Assignment
Exactly as written, return every line of the data below apart from the pictures.

Data for the task
=====
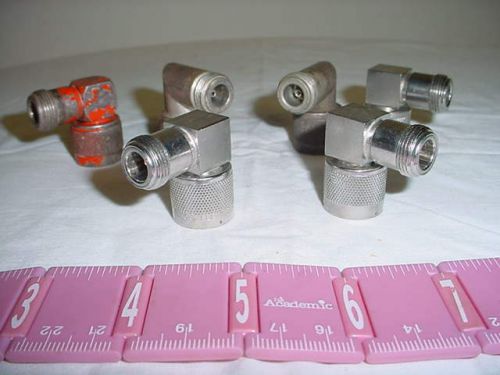 1 Lot of six (6) RF Type N (Male Connector) to Type N (Female Connector)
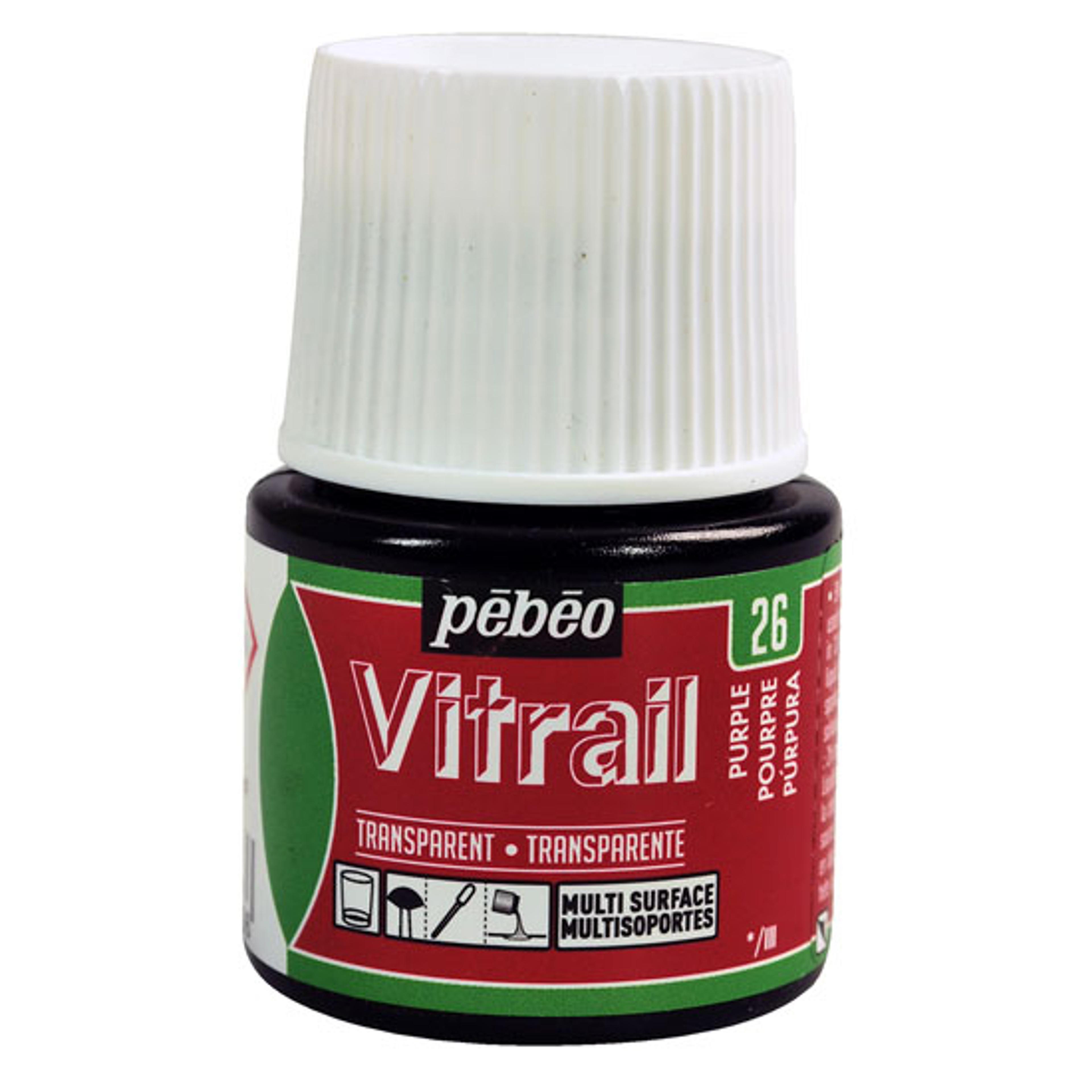 Pebeo Vitrail Paints 45ml Colours - Purple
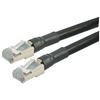 Cat6 Shielded Outdoor Patch Cable, RJ45/RJ45, Black, 15.0 ft的图片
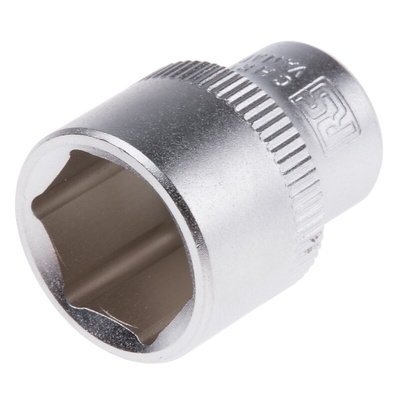 RS PRO 1/4 in Drive 14mm Standard Socket, 6 point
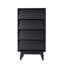 La commode double à 4 tiroirs présente un style rétro et un design biseauté-1757402926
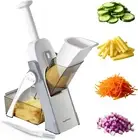 Safe Mandoline Slicer, Potato Chip Slicer Maual Vegetable Food Cutter Adjustable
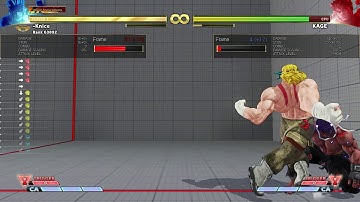SFV Alex No Recovery Corner Meaty Set Up From EX Flash Chop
=====
Worked solution
 1 Lot of six (6) RF Type N (Male Connector) to Type N (Female Connector)
 Pebeo Vitrail Paints 45ml Colours - Purple
 Cat6 Shielded Outdoor Patch Cable, RJ45/RJ45, Black, 15.0 ft的图片
 RS PRO 1/4 in Drive 14mm Standard Socket, 6 point
 La commode double à 4 tiroirs présente un style rétro et un design biseauté-1757402926
 Safe Mandoline Slicer, Potato Chip Slicer Maual Vegetable Food Cutter Adjustable
SFV Alex No Recovery Corner Meaty Set Up From EX Flash Chop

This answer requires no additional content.